Wow...Falconry?! That's interesting. Birds of prey are pretty spectacular creatures.


----------



## amirsh413

*Hi*

Hello all,

That's my first post (although I've been a silent reader for a couple of months)... Lots of great people and info running around these forums.

I'm living in Israel, riding for 5 years (5-6 days per season in Europe, trying to go to a different resort every year).
Learned to ride by myself except for the first day where I had a private lesson of about 40 minutes, so I guess I'm somewhat of an intermediate rider.
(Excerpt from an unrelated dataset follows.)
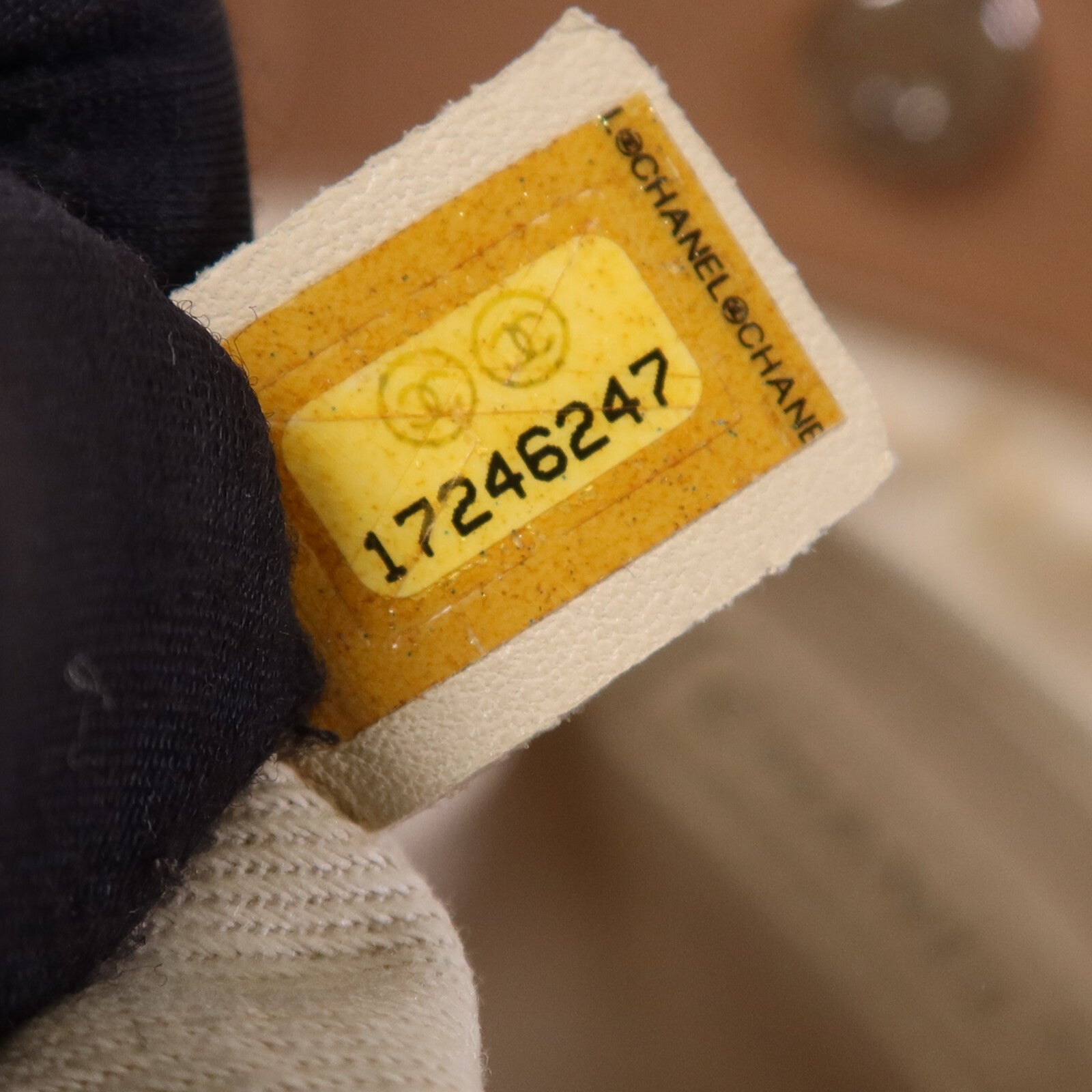 CHANEL 牛皮皮革CC Matelasse Shoulder Bag銀扣肩背袋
Starting this season I'm hoping to ride at least 2 weeks each season, although it's hard to do it here - you have to travel overseas to see some snow...
Hopefully it'll work out for me, but anyways - great to be here!

Cheers,
Amir


----------



## mikeh6

New member here, alot of good info. i'm getting back into snowboarding after 8 years even though im only 27. i snowboarded all through out high school and some of college. i've already gone 3 times this season even though its been pretty warm around here. I couldn't believe that i picked it right back up with no problems. 

my new board and bindings should be here this week and i can't wait to really get things going again.


----------



## forestfalcon

EatRideSleep said:


> Welcome!
> 
> Wow...Falconry?! That's interesting. Birds of prey are pretty spectacular creatures.
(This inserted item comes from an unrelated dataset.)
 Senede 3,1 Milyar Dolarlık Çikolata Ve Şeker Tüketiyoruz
I fully agree! I'll get back into it some day, it's just a huge time commitment..just not super feasible with a new baby to go out hunting everyday for several hours.


----------



## Ocho

forestfalcon said:


> I fully agree! I'll get back into it some day, it's just a huge time commitment..just not super feasible with a new baby to go out hunting everyday for several hours.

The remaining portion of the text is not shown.